‘Hurtful’: Michigan Rep. Dingell Decries Trump’s Hell Crack About Her Late Husband

"It hurt. I loved my husband," Rep. Dingell said of Trump's comments. "We had a love affair most never have, and it's been a hard holiday season, and those kinds of shots — people forget that members of Congress are human, and we go through real hard times."

President Donald Trump took a swipe at the late Rep. John Dingell during his raucous impeachment-day rally on Wednesday, drawing a rebuke from the longtime Michigan congressman's widow and successor in the House, who called the comments "hurtful." House Speaker Nancy Pelosi was among those the next day who called Trump's suggestion that Dingell was in hell cruel.

House Speaker Nancy Pelosi, D-Calif., addressed President Donald Trump’s comments during a rally where he suggested the late Rep. John Dingell was in hell. “What the president misunderstands is that cruelty is not wit,” Pelosi said. “Just because he gets a laugh for saying the cruel things that he says doesn’t mean he’s funny. It’s not funny at all. It’s...

"Let us pray for the president," Pelosi said when reporters asked about the comments on Thursday. She said Trump "clearly is insecure when it comes to statespersons" like former Sen. John McCain and John Dingell.

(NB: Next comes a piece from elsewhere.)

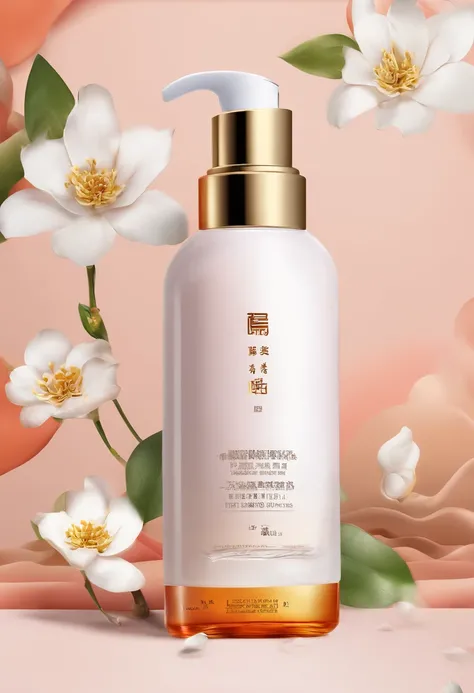 (Best quality,4K,8K,A high resolution,Masterpiece:1.2),Ultra-detailed,(Realistic,Photorealistic,photo-realistic:1.37),A close-up of a bottle of Huang Jixiu cleansing oil and a selection of flowers, Clean face and body skin, Skincare, skin care, Take a pict...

"What the president misunderstands is that cruelty is not wit," Pelosi said. "Just because he gets a laugh for saying the cruel things that he says doesn't mean he's funny. It's not funny at all. It's very sad."

White House press secretary Stephanie Grisham told ABC's “Good Morning America" that Trump was “just riffing” when he spoke about Dingell at the Wednesday night rally. She said she didn't know why Trump decided to allude to Dingell being in hell.

“You'd have to talk to the president about that," she said.

But Grisham suggested that the president was venting his frustration after being impeached by the House: "It was a very very supportive and wild crowd and he was just riffing on some of the things that had been happening the past few days.”

Trump said at the rally that Debbie Dingell had thanked him profusely for providing “A-plus treatment” after John Dingell's death in February, including ordering flags flown at half-staff.

He quoted Debbie Dingell as saying at that time, “Thank you so much. John would be so thrilled. He's looking down.”

Then, Trump told his audience in Michigan, “I said, 'That's OK. Don't worry about it.' Maybe he's looking up. I don't know.”

The remark drew wary oohs and aahs from the crowd. John Dingell was a powerful advocate for the swing state he represented for more than 59 years. He was the longest-serving member of Congress in U.S. history.

Trump then said: “But let's assume he's looking down.”

Trump narrowly won Michigan in 2016, and his campaign is betting on a repeat in the state to assure a 2020 victory.

His comment came shortly after Debbie Dingell voted in favor of two articles of impeachment against the president.

Debbie Dingell addressed Trump in a tweet: "Mr. President, let’s set politics aside. My husband earned all his accolades after a lifetime of service. I’m preparing for the first holiday season without the man I love. You brought me down in a way you can never imagine and your hurtful words just made my healing much harder.”

She later told MSNBC's Andrea Mitchell that she had appreciated Trump's kindness in the immediate aftermath of her husband's death. She said she didn't know "why he did what he did," and wished to "get back to a time of civility."

"It hurt. I loved my husband," Dingell said of Trump's comments. "We had a love affair most never have, and it's been a hard holiday season, and those kinds of shots — people forget that members of Congress are human, and we go through real hard times."

Some Republicans also condemned the president's remark.

GOP Rep. Fred Upton of Michigan, who voted against impeaching Trump, tweeted: “I’ve always looked up to John Dingell - my good friend and a great Michigan legend. There was no need to 'dis' him in a crass political way. Most unfortunate and an apology is due.”

Sen. Lindsey Graham also said, "If he said that I think he should apologize," NBC News reported.

Grisham insisted that the White House respects the Dingell's family's public service. She said she hadn't discussed the matter with the president.

“I am very very sorry for her loss," she added.